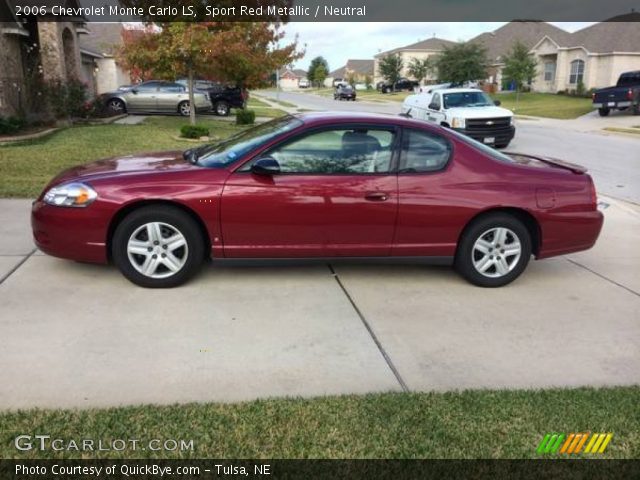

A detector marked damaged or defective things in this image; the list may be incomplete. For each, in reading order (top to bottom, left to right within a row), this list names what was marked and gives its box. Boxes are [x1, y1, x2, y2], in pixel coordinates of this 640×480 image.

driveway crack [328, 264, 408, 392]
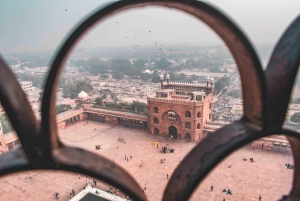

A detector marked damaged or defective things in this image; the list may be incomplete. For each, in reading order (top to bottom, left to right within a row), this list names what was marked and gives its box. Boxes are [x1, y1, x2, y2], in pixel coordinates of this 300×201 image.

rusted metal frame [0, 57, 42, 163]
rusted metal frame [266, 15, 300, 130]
::::
What you should do :: What you return should be only the lines from the line containing "this 300×201 image." through the end of the material above, reproduced exactly, first and last included.

Your response ::
A detector marked damaged or defective things in this image; the list may be incomplete. For each, in reading order (top to bottom, left to right within a row), this list names what was marked and gives its box. Boxes are [x1, y1, x2, y2], in pixel coordinates of this 300×201 image.

rusted metal frame [0, 57, 42, 163]
rusted metal frame [266, 15, 300, 130]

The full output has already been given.